Seúl, Pekín, Hanói y Sídney: cuatro ciudades en su mejor momento
Entre los destinos que mejor encajan en esta ventana figuran Seúl, donde la floración de los cerezos transforma parques y avenidas en uno de los espectáculos estacionales más fotografiados del año; Pekín, más amable en primavera para visitar la Ciudad Prohibida o la Gran Muralla; y Hanói, que antes de la temporada de lluvias mantiene un clima propicio para perderse por su casco antiguo y su escena gastronómica callejera.



Más al sur, Sídney entra en su otoño austral, una época marcada por temperaturas moderadas y días luminosos. A finales de mayo, la ciudad celebra además Vivid Sydney, uno de los grandes festivales internacionales de luz, música e ideas, que ha reforzado su perfil cultural más allá de la postal costera y veraniega asociada a Australia.
Hong Kong, nodo estratégico para viajar desde España
La conectividad también influye en este renovado interés. Cathay Pacific ha reanudado esta primavera sus vuelos estacionales desde Barcelona, activos desde el 30 de marzo, y suma así ocho frecuencias directas semanales entre España y Hong Kong: cuatro desde Madrid y cuatro desde la capital catalana. La ciudad, además, funciona como una puerta de entrada práctica para enlazar con otros puntos de Asia-Pacífico.

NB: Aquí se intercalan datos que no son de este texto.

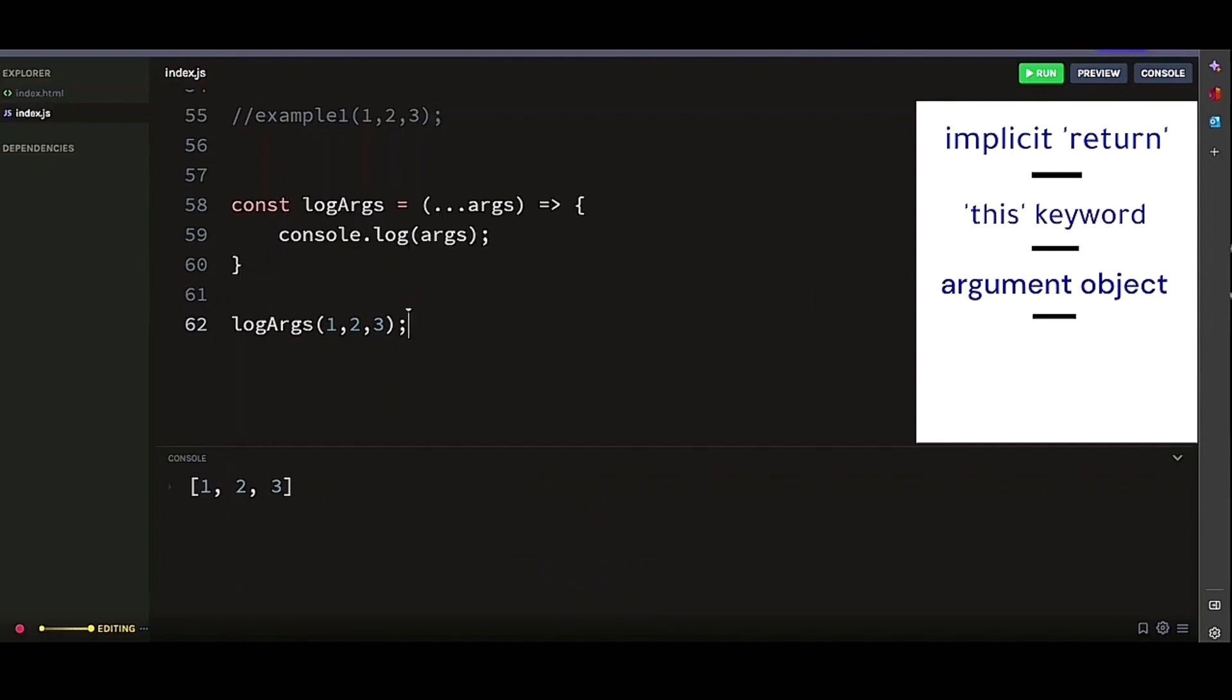Based on the examples and advantages, you might think that arrow functions are better than regular functions. But that's not the case. Arrow functions are often used in cases where you need to use a function as an argument to another function or when you need to store a function in a variable.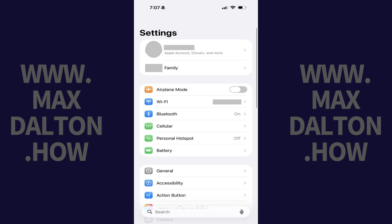Step 1. Open the Settings app on your iPhone or iPad and then tap your profile picture and name at the top of this screen.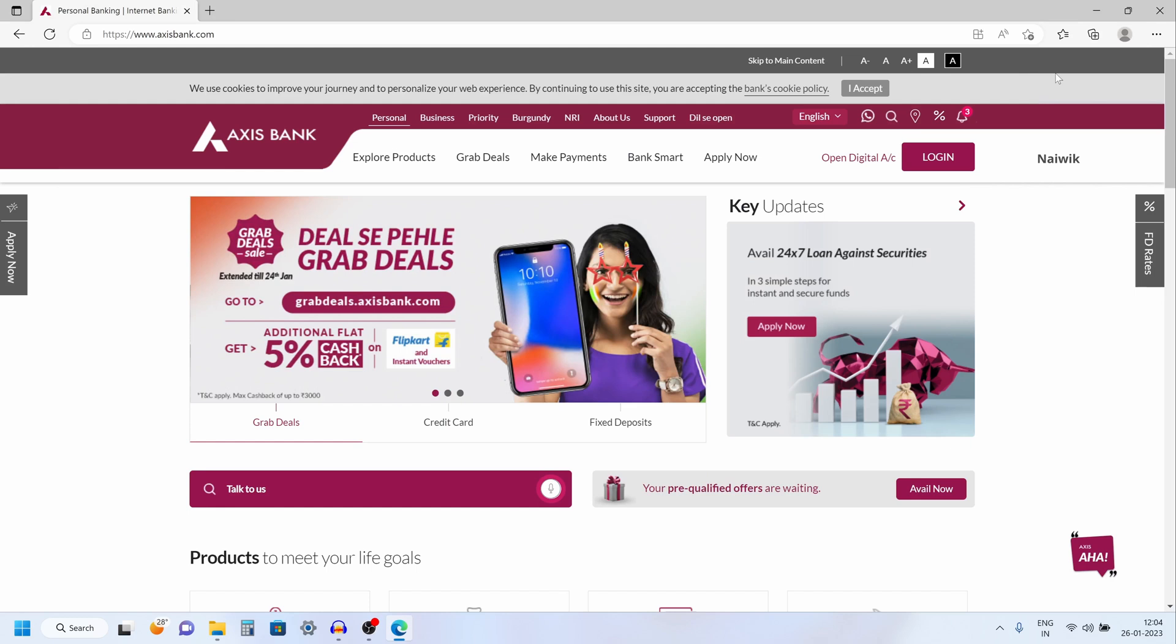Hi friends. In this video, I am going to show you how to transfer funds using Axis Internet Banking. In the previous video, I have shown you how to add a payee in Axis Internet Banking. I will give the link in the description box, please do check that.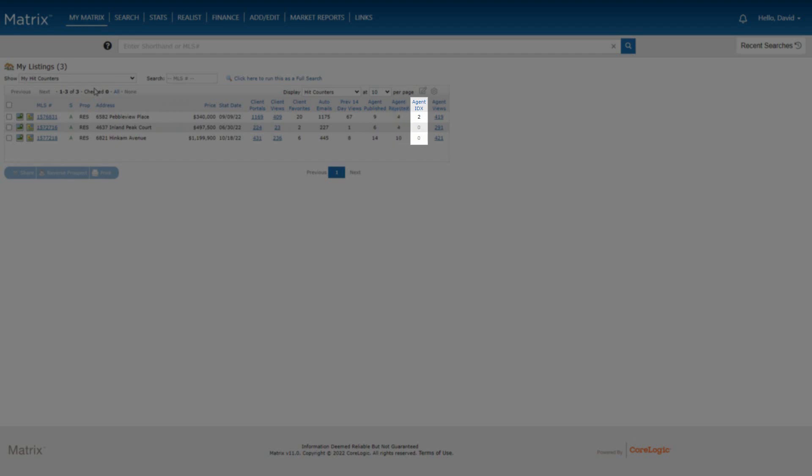Under Agent IDX, we see how many times this listing was viewed from an IDX-enabled website. In other words, the Agent IDX total will increase by 1 any time a visitor views this listing from a website where the agent included the matrix IDX.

En ese mapa de escalas y conexiones, Hong Kong conserva un atractivo propio por su mezcla de tradición cantonesa, ritmo urbano y una de las escenas culinarias más dinámicas de Asia, reconocida por la Guía Michelin. Para el viajero español, la primavera no solo aparece ya como una fecha cómoda para cruzar medio mundo, sino como el momento en que ese viaje largamente aplazado empieza a resultar más tangible.